Gregory Asmolov, also commented on his blog [RUS] on the role of Ushahidi as a civil society tool, revealing the society’s potential for solidarity and self-help:

"Пожары в России показывают что в Российском обществе заложен большой потенциал взаимопомощи. Как мне кажется, это потенциал обострен еще тем, что многие россияне осознают что власть не дееспособна, и в этой ситуации, единственное решение это брать ситуацию в свои руки. Однако, потенциал взаимопомощи – это здорово, но чтобы взаимопомощь была эффективной нужны механизмы, которые позволят ей таковой быть. И именно в этом стратегическая роль Ушахиди. По сути , Ушахиди, выступает в данном контексте как институт гражданского общества. Это первые шаги к реальности в которой общество формирует альтернативные власти механизмы и институты, чтобы заполнять вакуум на месте государственных структур."

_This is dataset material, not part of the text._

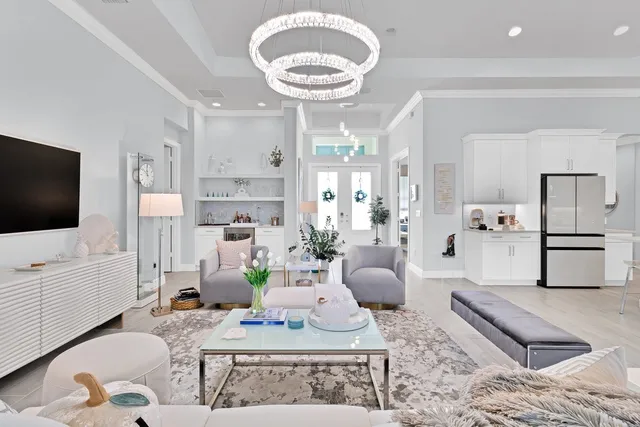 a living room with furniture a flat screen tv and kitchen view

"Wildfires in Russia show that there’s a great potential for mutual aid in the Russian society. It seems to me that this potential is even stronger because many Russians realize that the government is incapable of functioning, and the only option in this situation is to act independently. However, while the potential for mutual aid is great, to make this mutual aid effective, mechanisms are needed in order to make it function. And that’s the strategic role of Ushahidi. As a matter of a fact, Ushahidi becomes in this context a civil society institution. These are the first steps to the reality in which the public forms alternative mechanisms and institutions, in order to fill the vacuum of government structures."

“Help Map” is the first implementation of “Ushahidi” in Russia. And, hopefully, not the last one. We hope that following the success (and, speaking of statistics, it is a success) of the “Help Map” project, the system would be used by other volunteers in Russia. In the country this huge, map-based coordination is of great importance.